Thank You, Sarah: The Woman Who Saved Thanksgiving is the story of Sarah Hale's (Anderson's ancestor, BTW) thirty-eight year campaign to have Thanksgiving become a national holiday. Hale accomplished a great deal in her lifetime. She was an author, magazine editor, teacher, publisher, and proponent of playgrounds, education for girls, and historical monuments. She also wrote the song, "Mary Had a Little Lamb" when a lamb followed a student to school and waited outside all day for it's owner. She raised five children on her own after her husband passed away while she was pregnant with their fifth child. Superhero, indeed.
The text is conversational, interesting, and easy to follow, so younger readers will stay with it. The information is well-researched, one of Anderson's strengths. Be sure to read the Feast of Facts at the end of the book to learn more Thanksgiving, Sarah, and U.S. History during her lifetime. The messages are unmistakable and meaningful - one person can make a difference, the pen is mightier than the sword - but the star of this show is the illustrations by Matt Faulkner. They sweep through the early history of our country with both detail and simplicity, leaving lasting images in the reader's mind.

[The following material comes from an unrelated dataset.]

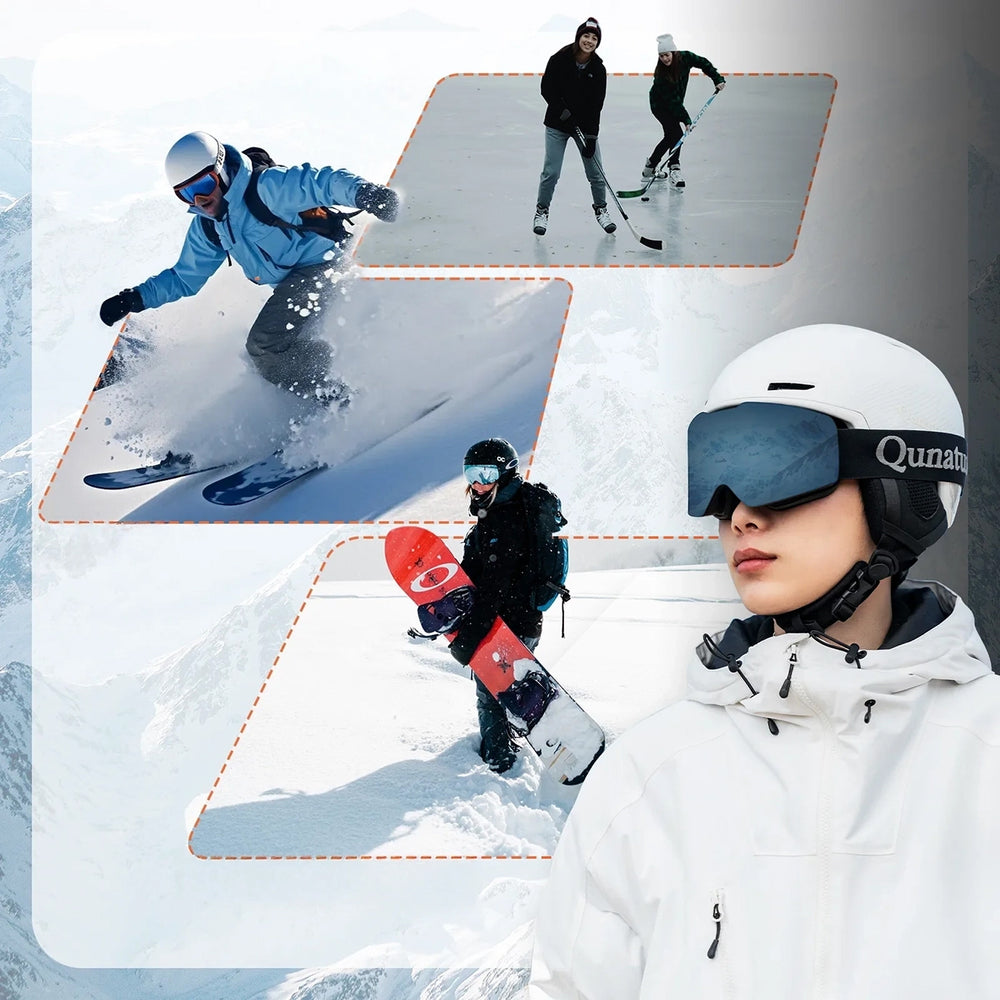 Qunature 10130003001 Skihjelm med øremasker Snowboard størrelse L - hvid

This pair also teamed up to write and illustrate Independent Dames, another nonfiction book for young readers that is worthy of your time. Anderson has also written several other picture books and and the Vet Volunteer series is aimed at young readers as well.
I had the opportunity to hear Anderson speak at BYU's Books for Young Readers Symposium several years ago. She is charismatic and fervent in her desire to use her talents to not only entertain her readers, but provide hope and courage to those suffering in difficult situations - abuse, eating disorders, rape, bullying, etc... and has written some heartfelt and heavy-hitting books to address these topics.
I highly recommend her young adult books, especially for young adults and teens who may be in need of some bibliotherapy, but parents of teens should read ahead of time to determine if they feel the content is appropriate for their teen - she deals with substantial issues in straightforward and sensitive ways.